Moreover, there has been proposed a technique to obtain output information from both an OB unit and a simulated black level pixel unit and perform predetermined image processing (black level adjustment) based on the obtained output information (see, for example, Japanese Laid-Open Patent Publication (Kokai) No. 2007-27845). According to the technique proposed in Japanese Laid-Open Patent Publication (Kokai) No. 2007-27845, a process to cope with a case where output information from both the OB unit and the simulated black level pixel unit cannot be accurately measured is not disclosed. Also, although it is described that processing contents are changed according to temperature, there is the problem that a desired process cannot be performed when an external temperature sensor fails because temperature information is obtained from the external temperature sensor.

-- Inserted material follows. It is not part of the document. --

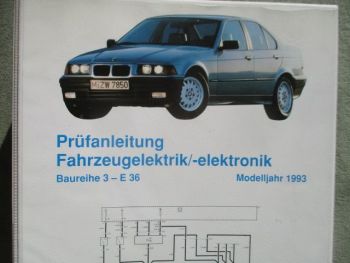 BMW Original 3er Reihe E36 Prüfanleitung Fahrzeugelektrik-elektronik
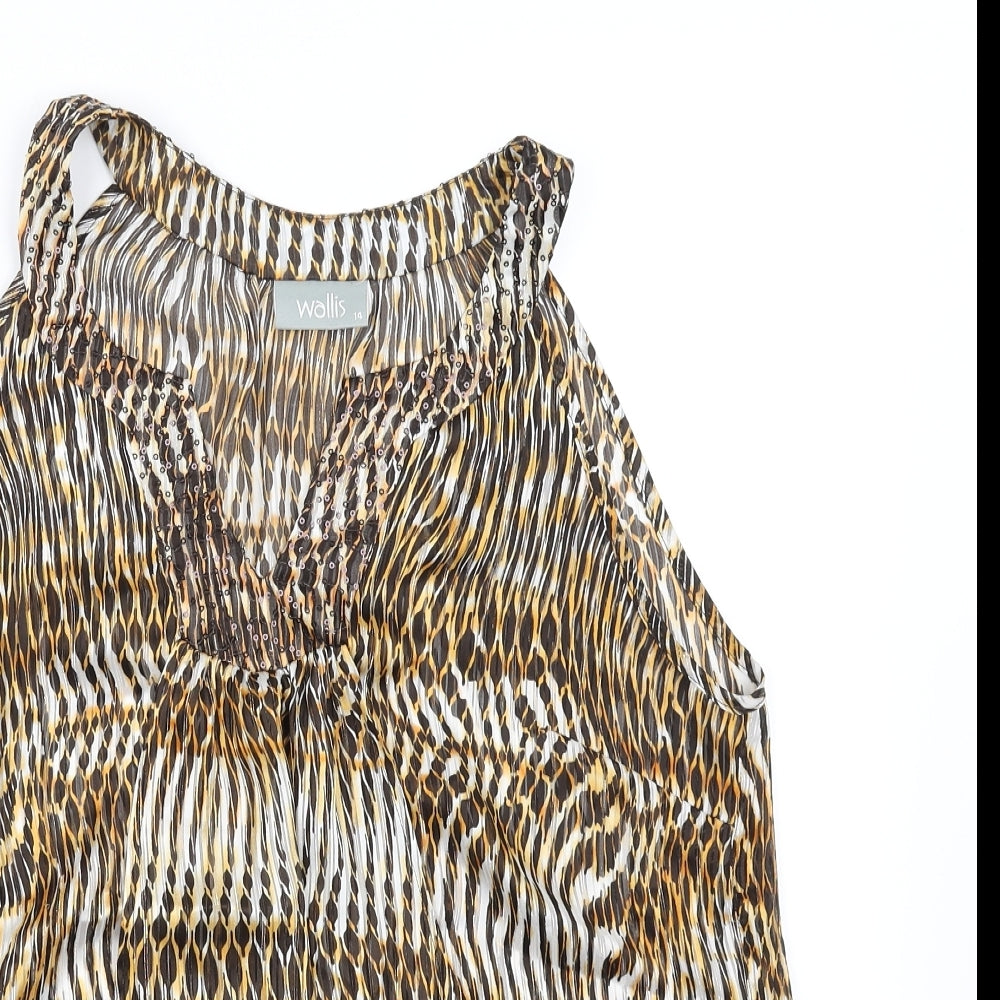 Wallis Womens Yellow   Basic Blouse Size 14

Referring now to FIGS. 16A to 16C, a brief description will be given of an image pickup device. FIG. 16A shows an exemplary pixel arrangement of the image pickup device, which has an effective pixel unit 1001, an OB pixel unit 1002, and a null pixel unit 1003. FIG. 16B shows pixel output in a dotted line region in FIG. 16A when the amount of dark current is small and in a case where difference computation is possible (OB pixel output−null pixel output: measurable). FIG. 16C shows pixel output in the dotted line region in FIG. 16A when the amount of dark current is large and in a case where difference computation is impossible (OB pixel output−null pixel output: unmeasurable).

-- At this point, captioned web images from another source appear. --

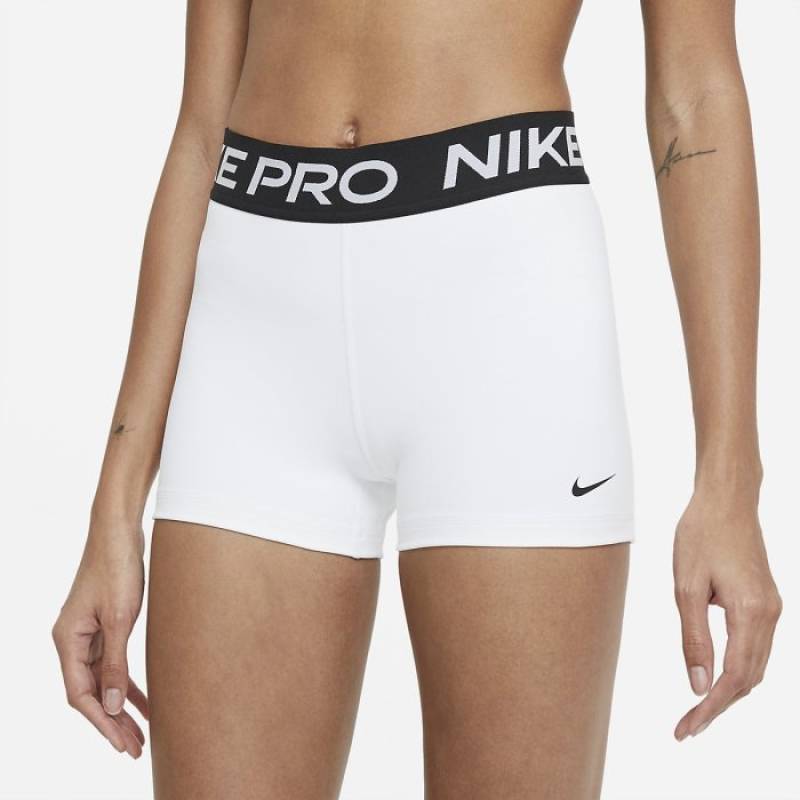 Damen funktional Shorts Nike Pro - white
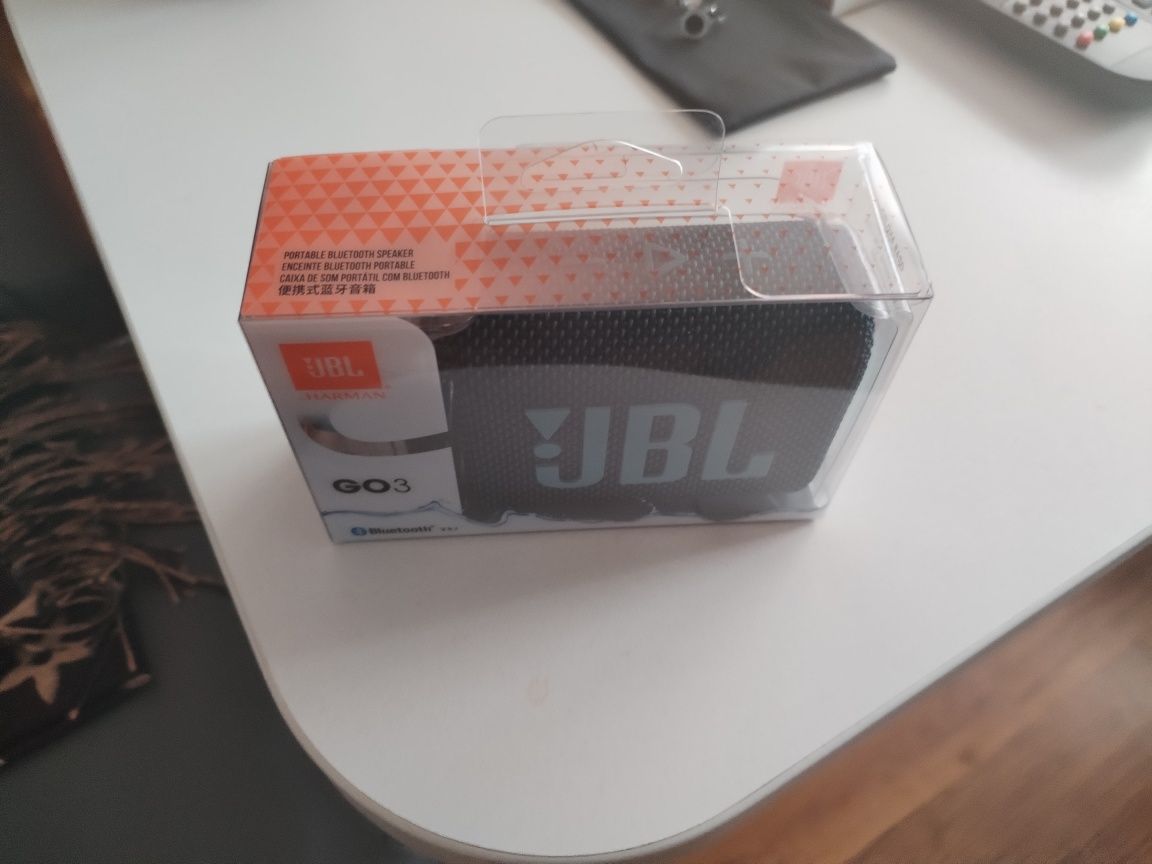 Jbl go 3 nowy, odporny na wodę.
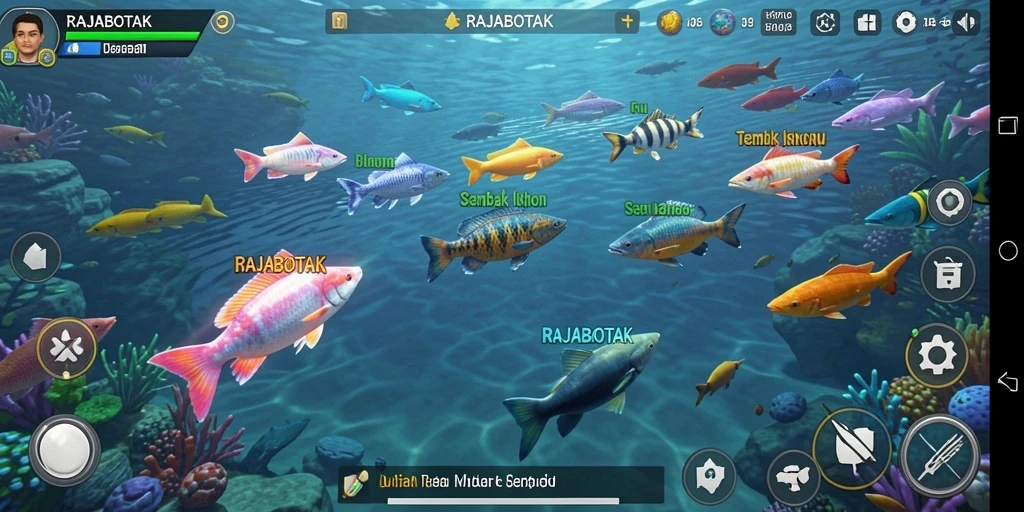 Tampilan gameplay RAJABOTAK yang menarik dan seru.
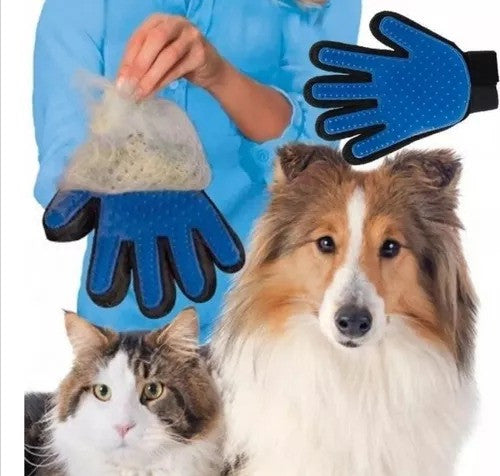 "Guante de Silicona Eliminador de Pelos: ¡Libera a tu Mascota del Pelaje!"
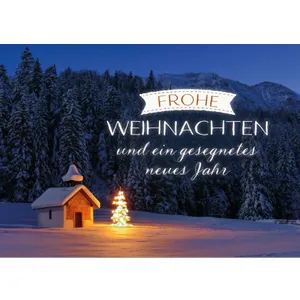 Produktbild des Artikels Faltkarte - Frohe Weihnachten (Schreibwaren)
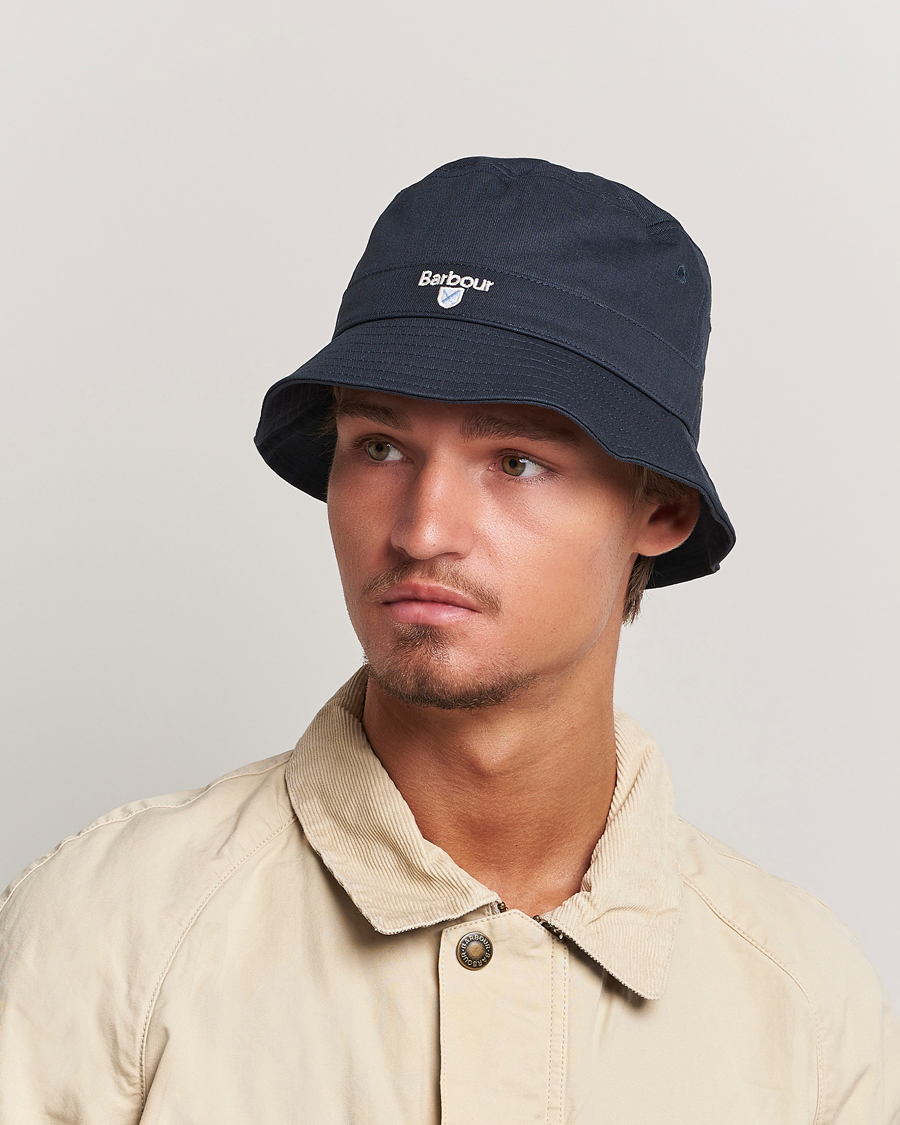Mies | Asusteet | Barbour Lifestyle | Cascade Bucket Hat Navy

In general, in an image pickup apparatus having the image pickup device shown in FIGS. 16A to 16C, to prevent dark current output from compressing a computation dynamic range of a subject image during shooting, clamping is performed so that output from the OB pixel unit 1002 can be inside a predetermined output range. In this case, the predetermined output range is generally determined so as to be in a direction opposite to a light output direction in the computation dynamic range and to be inside the computation dynamic range. In the image pickup device, a dark current output direction and the light output direction are the same.

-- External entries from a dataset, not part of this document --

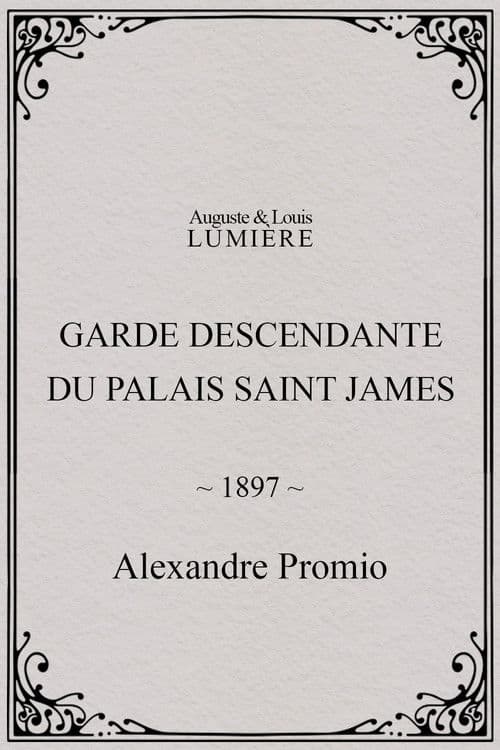 Garde descendante du Palais Saint James poster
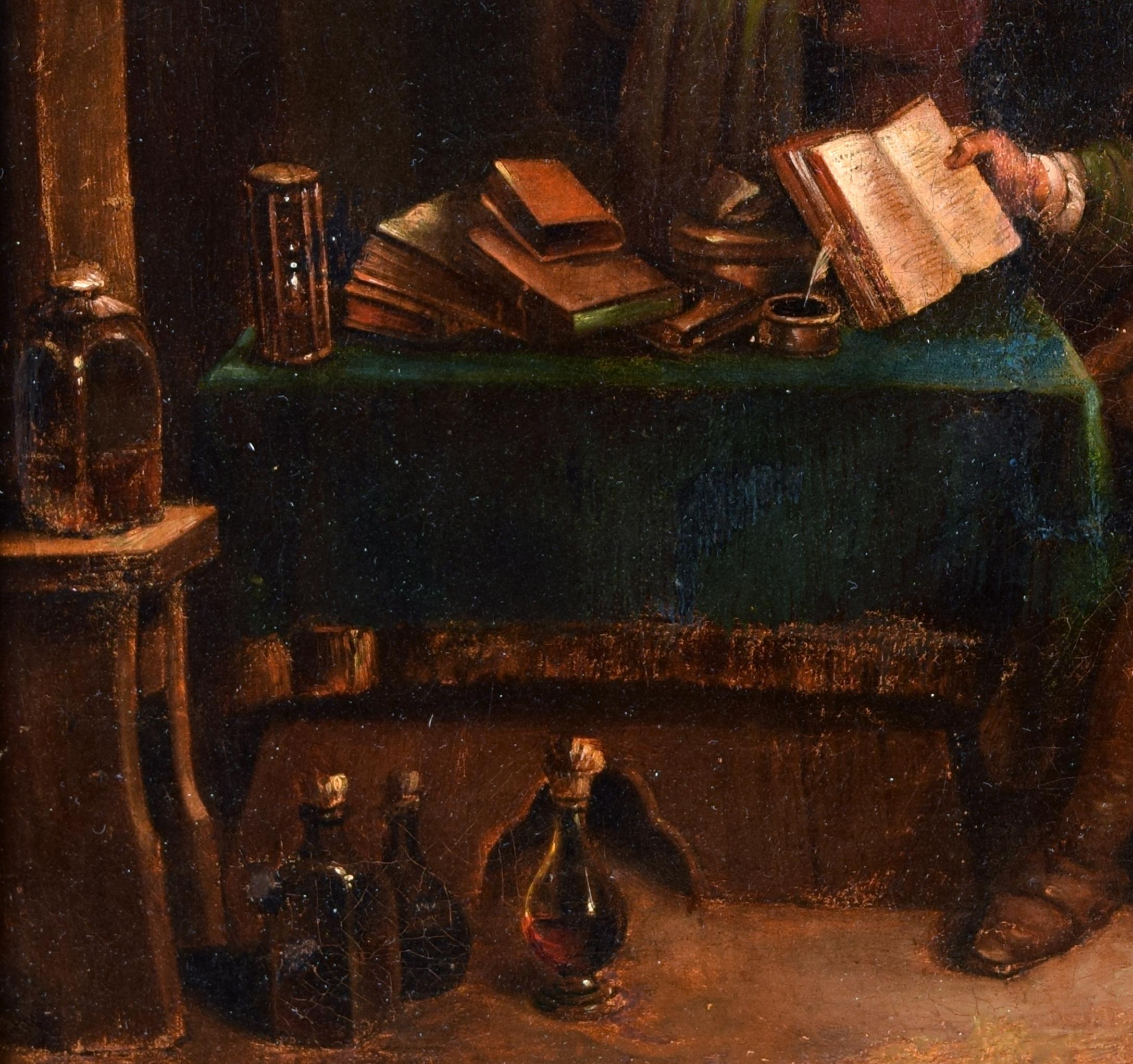 Other Alchemist, Oil on Canvas, Flemish School, 18th Century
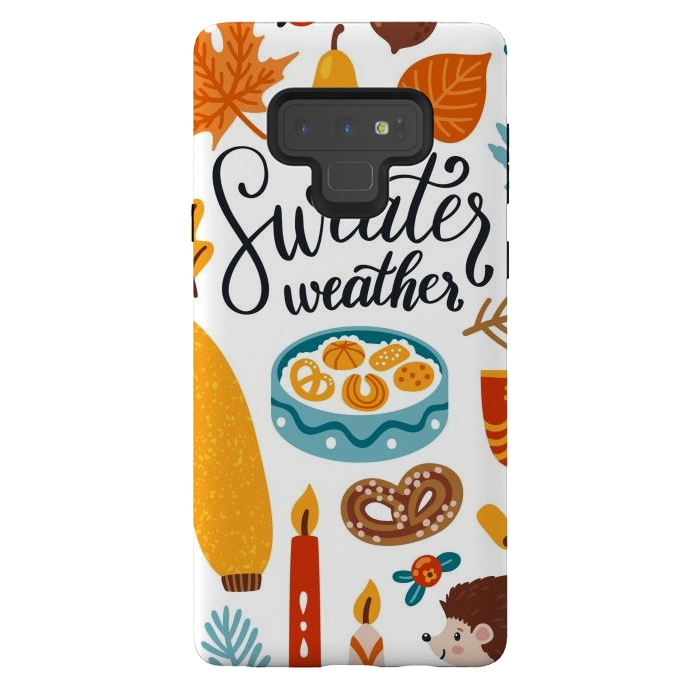 Galaxy Note 9 StrongFit Autumn Icons by ArtsCase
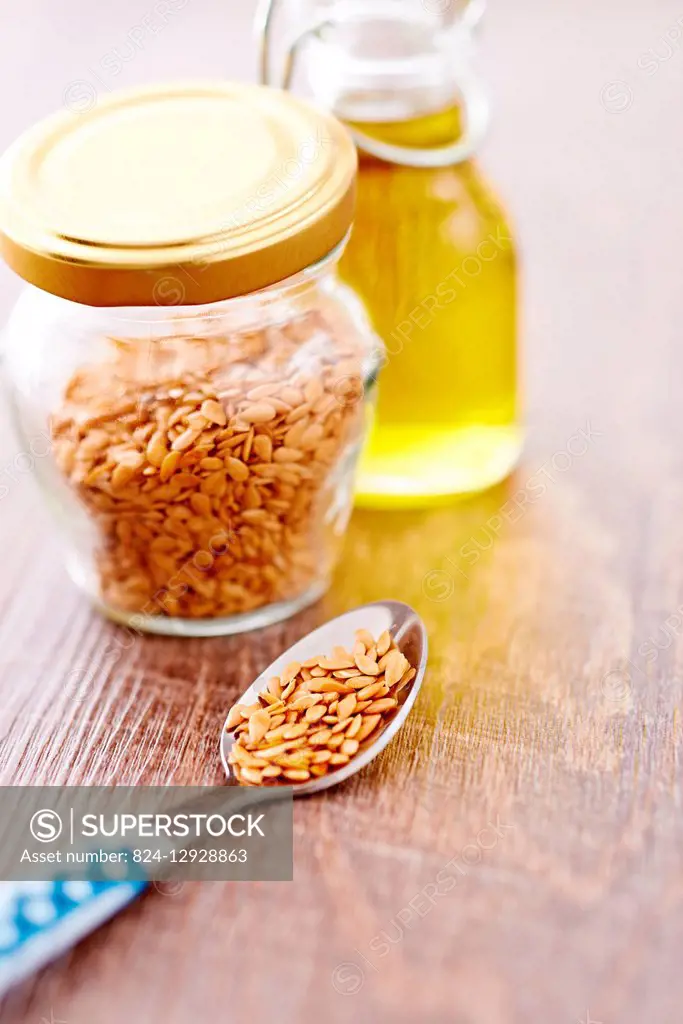 Flax seeds and flaxseed oil.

In the image pickup device shown in FIGS. 16A to 16C, when the amount of dark current is large as in shooting at high temperature, shooting at high speed, or shooting involving long exposure, output from the OB pixel unit is fixed at a clamping level irrespective of the amount of dark current, but there is a great difference in output between the OB pixel unit and the null pixel unit. In the example shown in FIG. 16C, because output from the null pixel unit exceeds the computation dynamic range, differences in output between the OB pixel unit and the null pixel unit cannot be accurately measured. Also, due to a large amount of dark current, a dark current value cannot be accurately obtained. Thus, there is the problem that the dark image subtraction process and the white defect correction process cannot be performed under desired dark current conditions.